Now more than ever, as the world emerges from COVID-inspired lockdown, food truck owners need solid, smart marketing to entice customers to resume food-truck dining at large. As you take this unprecedented opportunity to get back out there and claim your corner of the market, literally and figuratively, implement as many of the following pivotal tips to rope in those customers and keep them coming back for more.
Food Presentation
As a food truck owner, one of your main unique selling propositions is likely the food and beverages you prepare. Many trucks offer highly niched products: for example, there are cupcake trucks, crab cake trucks, macaroni and cheese trucks, and coffee trucks. Typically, these trucks offer a variety of flavors of one dish or beverage. Other trucks focus on regional specialties or even fusion cuisine.

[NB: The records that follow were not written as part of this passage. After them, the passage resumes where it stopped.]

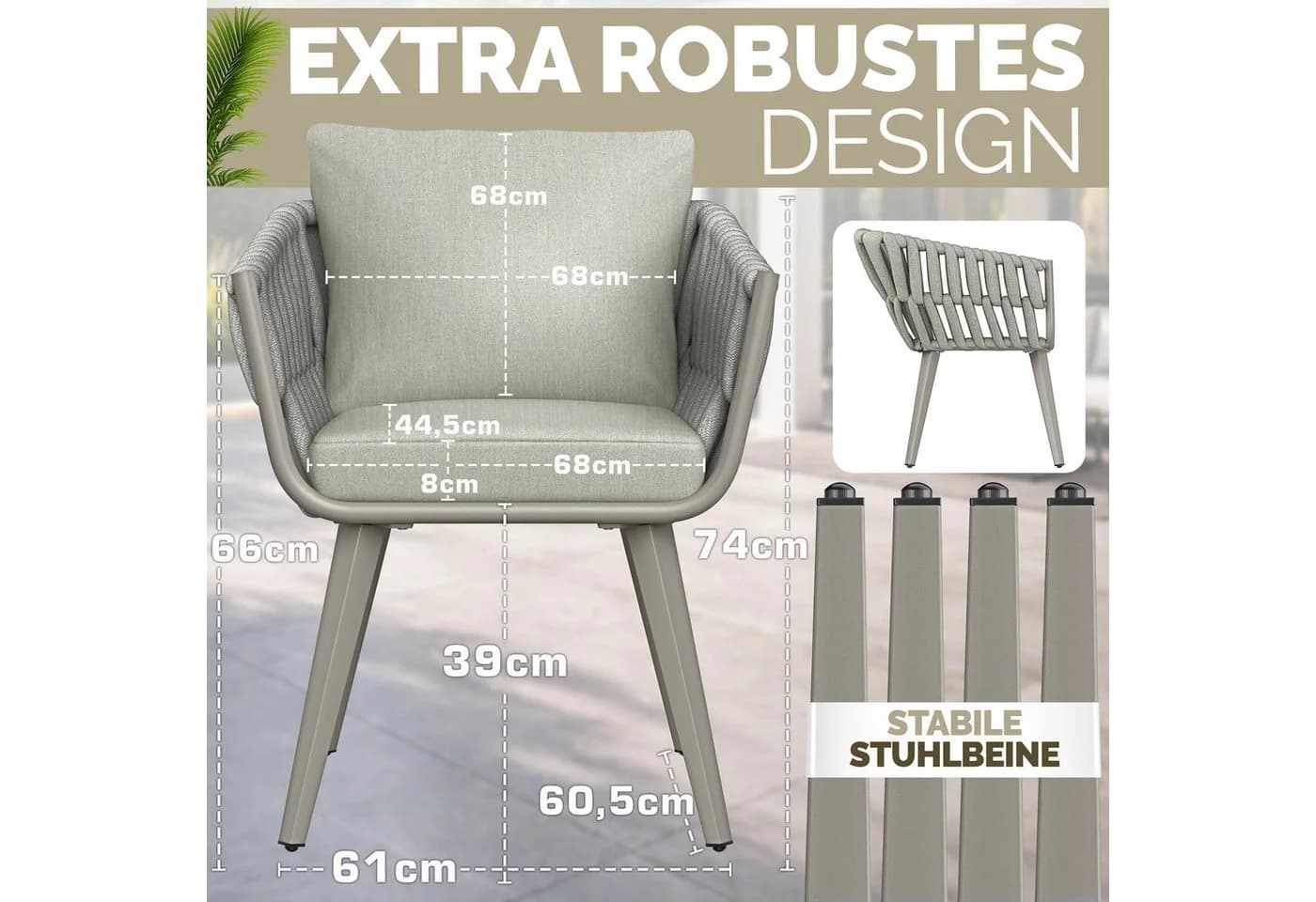 tillvex Gartenstuhl Set 2-tlg. Beige Aluminium Rope Design mit Armlehne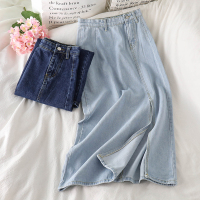 婕秘高腰半身裙2021春季新款中长款复古开叉设计感小众显瘦a字牛仔裙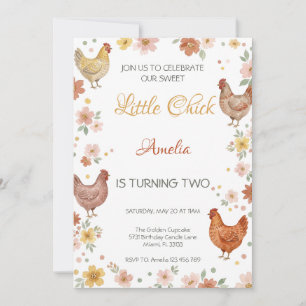 Invitación Cumpleaños de pollito dulce floral de granja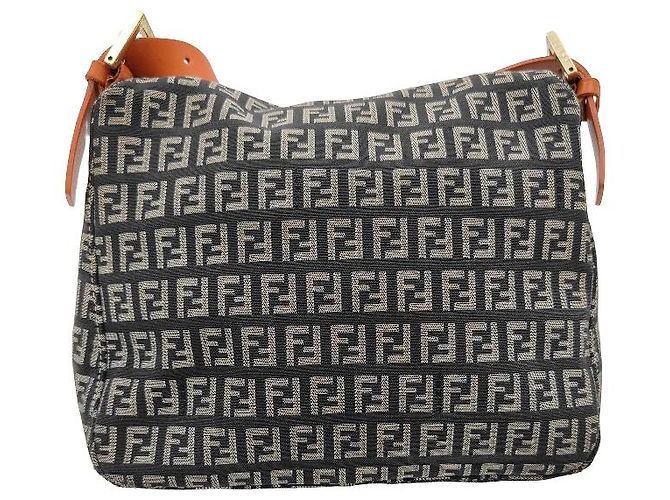 Borsa Fendi Zucchino Canvas Mamma Baguette canvas medium Cachi - vista 2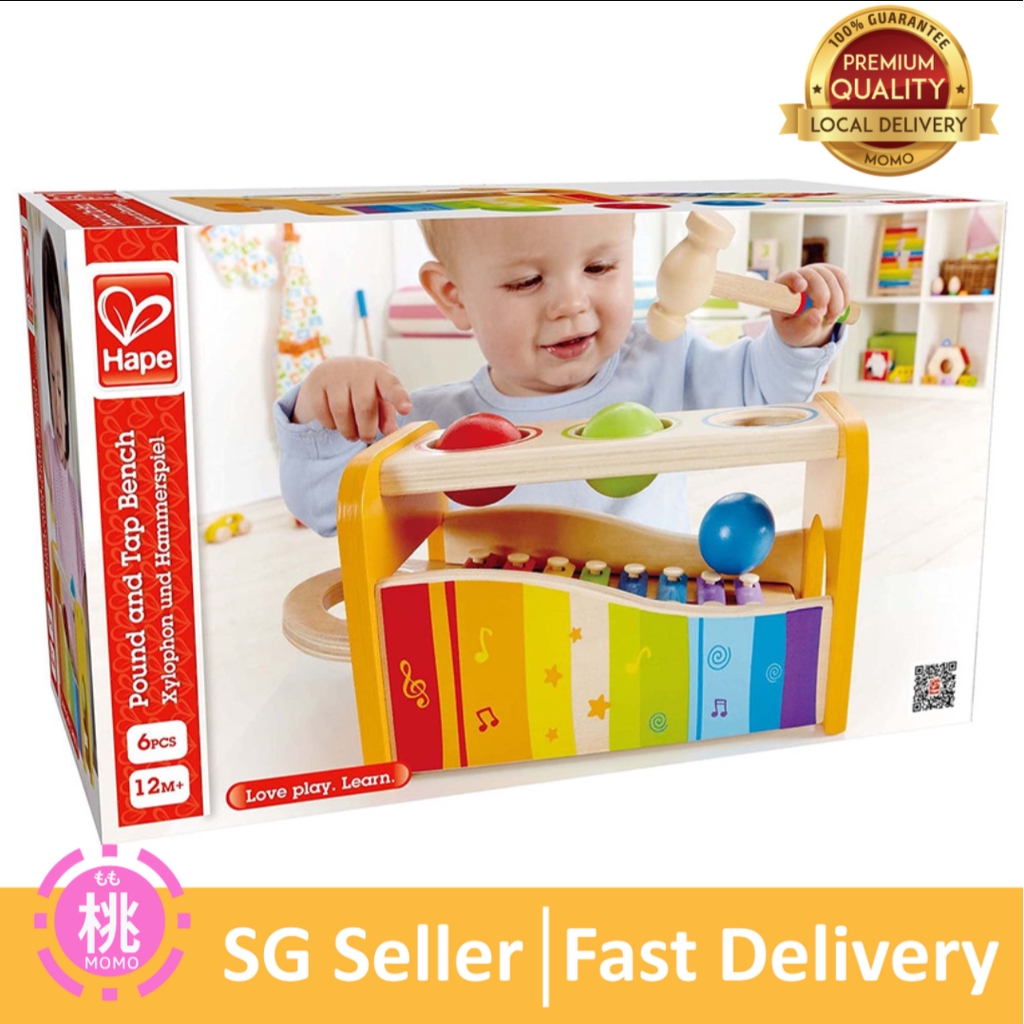 Hape Pound & Tap Bench with Slide Out Xylophone - Award Winning Durable ...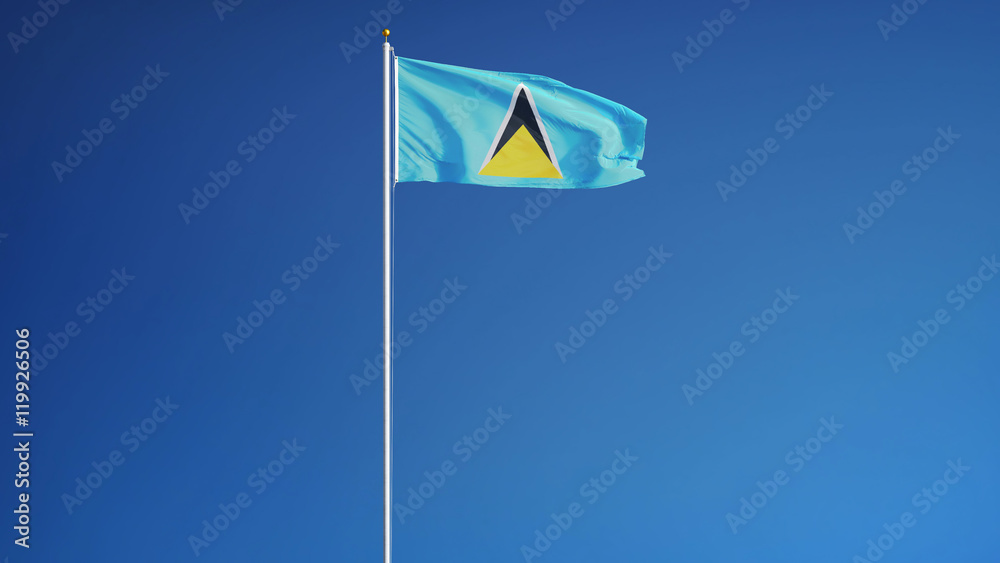 Saint Lucia flag waving against clean blue sky, long shot, isolated with clipping path mask alpha channel transparency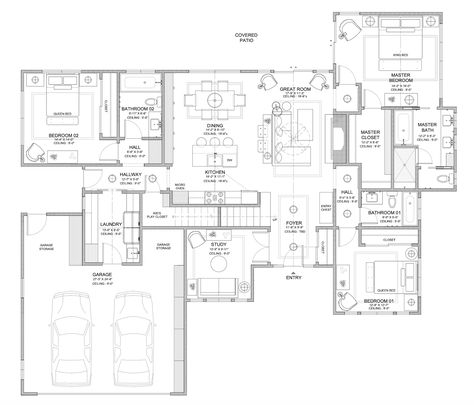 FLOOR PLAN - FIRST FLOOR Modern Mountain Home Floor Plans, Mountain Home Floor Plans, Tami Faulkner, Tall Grasses, Tub Enclosures, Wet Room Shower, Custom Floor Plans, Garage Entry, Modern Mountain Home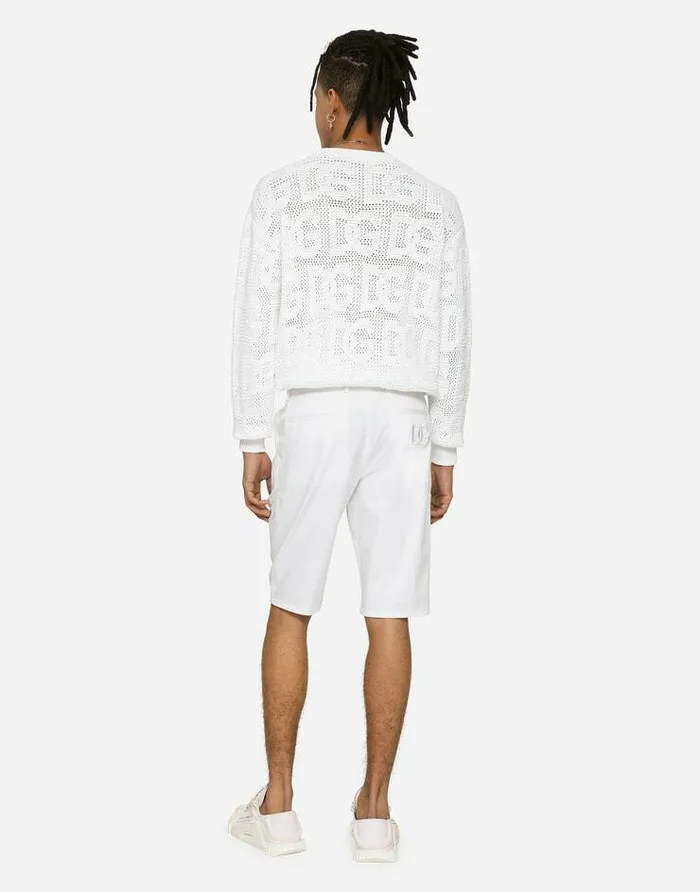 Dolce and Gabbana Trousers And Shorts Men Stretch Cotton Shorts With DG Patch White Dolce and Gabbana Trousers And Shorts Men Stretch Cotton Shorts With DG Patch White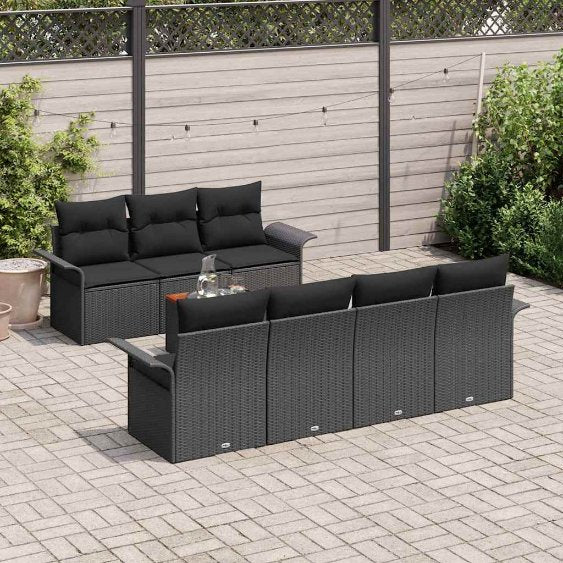 Garten-Sofa-Set mit Kissen mit Speicher 8 pcs Schwarz und Creme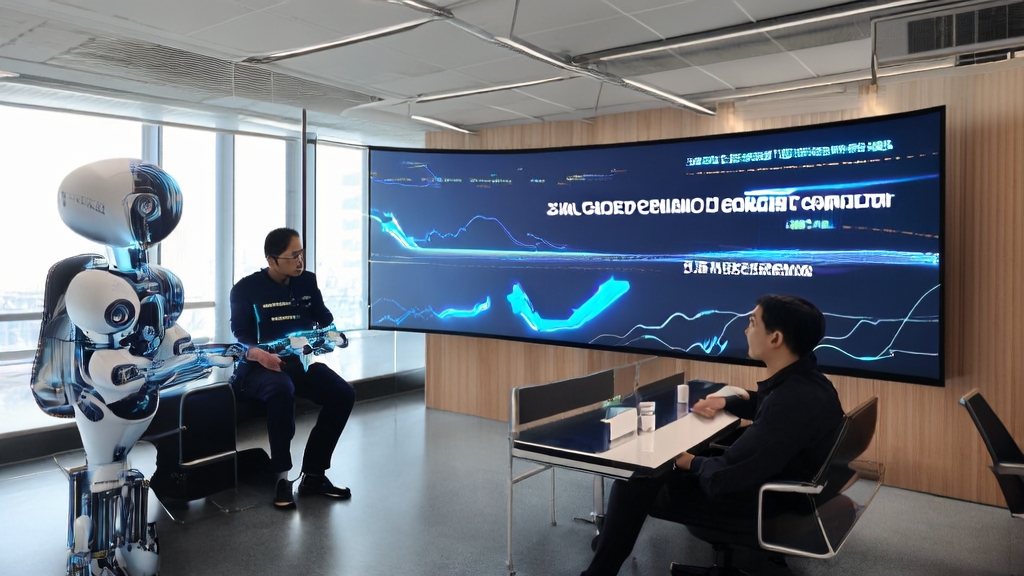 In a modern office, employees are discussing AI email marketing technology, with a tech-filled meeting room illuminated by sunlight and a humanoid robot showcasing multimodal tactile sensors in the background.
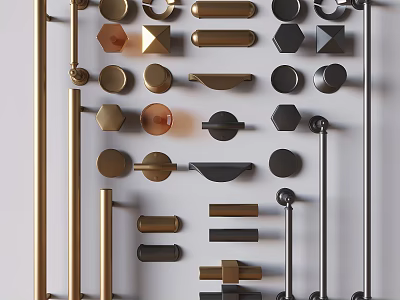 Modern Various Cabinet Handles With Gold Black Round Square Geometric Designs 3d model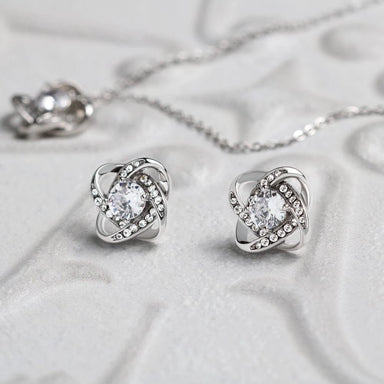 14k White Gold Love Knot Necklace Cubic Zirconia Earring Set for Mom The Greatest Mom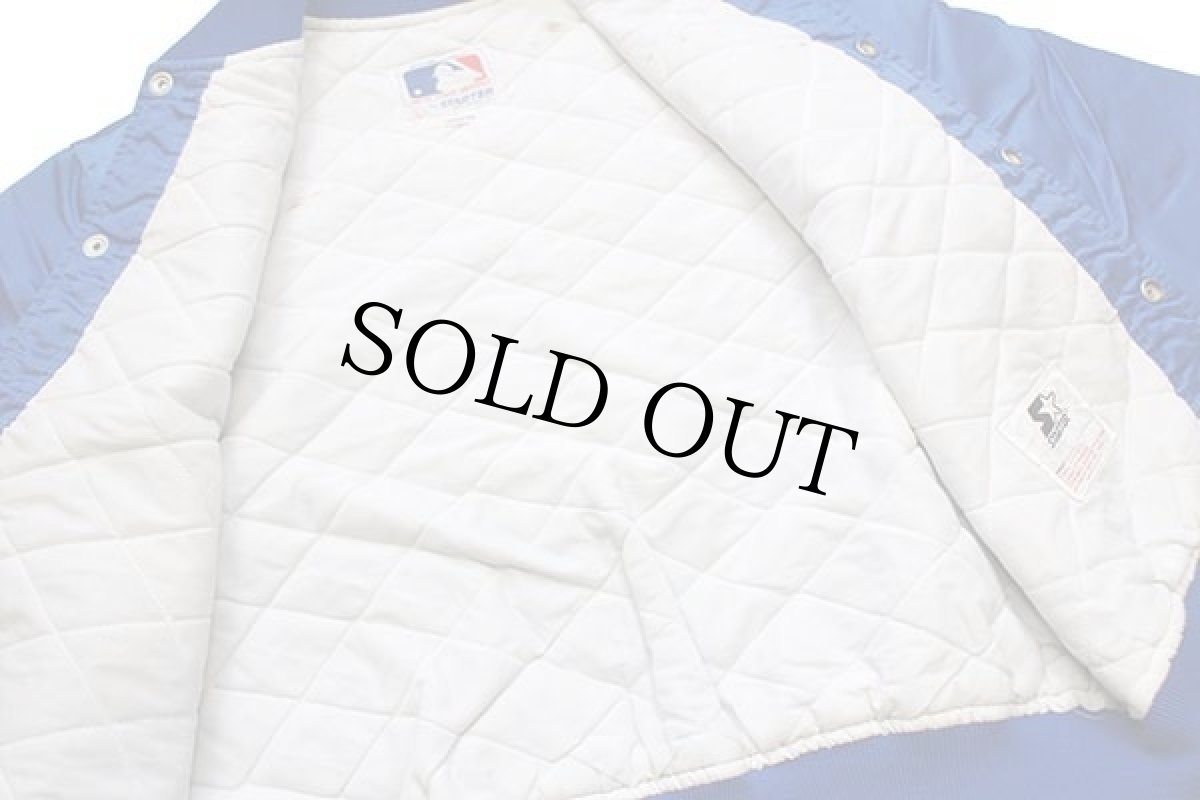 画像5: 90s USA製 STARTERスターター MLB CHICAGO CUBS パッチ付き キルティングライナー ナイロンスタジャン 青 YOUTH L (5)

The way your food looks to customers and prospective customers may well be the single most important factor in whether or not they make a purchase.
Whether it's on the counter, on a placard slapped onto your truck or your online and offline advertisements, how your food looks sends a message to customers of what to expect if they make that purchase. That message may include aspects of flavor, ingredient-quality, health benefits, safety and satisfaction, among other value propositions. Some ways to convey those messages include with unique, original, eye-popping toppings or sides and clean, attractive and inventive containers.
Learn how to prepare and present your food for visual appeal and aesthetic impact, and learn how to take high-quality professional photos and videos of your food, or prepare to hire a professional to take them for you.
Online Marketing
As more people spend greater portions of their time online compared to out in the world, successful businesses of almost any type, including yours, need to shift their marketing focus from offline channels, like billboards and bus placards, to online channels, like search engines, social media and food service and information sites and blogs.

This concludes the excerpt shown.